I was in a cafe this morning and decided to have a smoothie.
This is not as easy as it sounds if you’re British, because we’re not as able to ask for ludicrously-named drinks as other nationals. Maybe it’s the accent (something else it’s hard to do with an English accent in particular is complain – you inevitably sound like an Imperial Officer in Star Wars threatening an Ewok. So you overcompensate, become embarrassed, and end up sounding like Hugh Grant trying to ask someone out in a 1990s British rom-com).
The smoothie in question was made of kiwi and pineapple. They had named it a ‘Naughty Crush’.
This is a challenge I have experienced before. The parade of coffee shops up and down the High Street do not serve ‘small’ or ‘large’ coffees. They serve ‘grande’ or ‘medio’ frothalottahunkyfunkychunkycheekyccinos. Ordering cocktails also involves similar linguistic acrobatics. So I was disturbed – but not surprised – to discover that the perfectly-usable names of fruit on the menu had been replaced by Strawberry Kiss, Carribean Way and, incomprehensibly, Bananarama Llama Farmer.
“Hi,” I said, determined to keep this engagement as sensible and silly-name-free as possible.
“Hello!” said the smiley cafe person. “What can I get for you?”
“I’ll have a double espresso and a kiwi and pineapple smoothie.”
“I’m afraid we don’t have any,” she said. And then after the briefest pause, added, “we have a Naughty Crush, though.”
I was not expecting this sly but subtle counter-attack.

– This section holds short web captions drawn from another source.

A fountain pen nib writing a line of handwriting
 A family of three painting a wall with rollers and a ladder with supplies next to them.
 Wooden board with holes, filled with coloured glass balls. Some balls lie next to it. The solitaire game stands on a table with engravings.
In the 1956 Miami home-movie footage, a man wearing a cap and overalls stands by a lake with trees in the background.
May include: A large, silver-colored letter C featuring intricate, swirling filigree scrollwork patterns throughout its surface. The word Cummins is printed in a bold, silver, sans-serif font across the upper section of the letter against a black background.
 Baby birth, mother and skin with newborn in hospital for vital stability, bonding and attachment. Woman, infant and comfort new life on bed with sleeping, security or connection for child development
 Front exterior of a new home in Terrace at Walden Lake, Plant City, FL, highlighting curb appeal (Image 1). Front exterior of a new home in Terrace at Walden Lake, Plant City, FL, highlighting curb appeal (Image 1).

I took a moment to rally my thoughts, and then delivered my order with aplomb and free of silly names.
“I’ll have one of those then, please,” I said.
(The espresso, by the way, came in a giant cup of such proportions that Wifey asked where the rest of the coffee was.)
What’s going on with all this tomfoolery is an attempt to heighten our customer experience. It’s about suggestion. Give a smoothie an edgy, trendy name and you feel edgy and trendy. Make someone order a coffee in Italian and they connect to an imagined Italian coffee experience. If Bananarama Llama Farmer – which is pulverised banana – was named accurately it would be called Baby Food With A Straw.
The church has, it seems, largely resisted the urge to re-name stuff to make it more attractive and influential (possibly because the church tends to largely resist everything). In fact our own name – Christians – wasn’t even a brand we came up with, but probably originally a derisive term coined by non-Christians. Presumably we’d have been happy to keep calling ourselves Not-Necessarily-Jews-But-We-Do-Buy-Into-The-Old-Testament-But-In-Support-Of-Our-Recognition-That- Jesus-Is-The-Messiah…ians.
At face value, this seems great. We’re authentic. We don’t need advertising executives to tell people about Jesus, we tell it like it is, right?
A Brand New World
What the branding world is on to is that the human mind cannot escape making associations between things it knows, and the new things it’s encountering. We short-cut. So the cafe wanted me to associate my Naughty Crush with a cheeky but pleasurable feeling – a deeper emotional connection than simply the taste of kiwis and pineapples.
So when we talk about God, or Jesus, or church, the people we talk to will automatically interpret them in the context of how they’ve been previously presented. And if that portrayal was negative, then what you’re saying is going to get viewed within that framework.
This blog has already ranted ad nauseam about the use of religious language, but there’s a couple of other things we need to watch out for.
The first is how you portray Jesus when you talk about him. Look at how he portrayed himself. Study it. Emulate it. This blog would argue that Jesus portrayed himself as an open set of arms, with a social justice agenda, urging a focus on principles rather than religious dogma, who mainly saved his moral criticism for religious hypocrites. Is lecturing people on their sin (for example) and issuing them with a religious to-do list the best way to introduce Jesus? How does he come across when we contribute our viewpoints in public life? Do we get the balance right in presenting the full range of Jesus’ teachings and personality, or do we find ourselves focussing on certain aspects and risk misrepresenting him?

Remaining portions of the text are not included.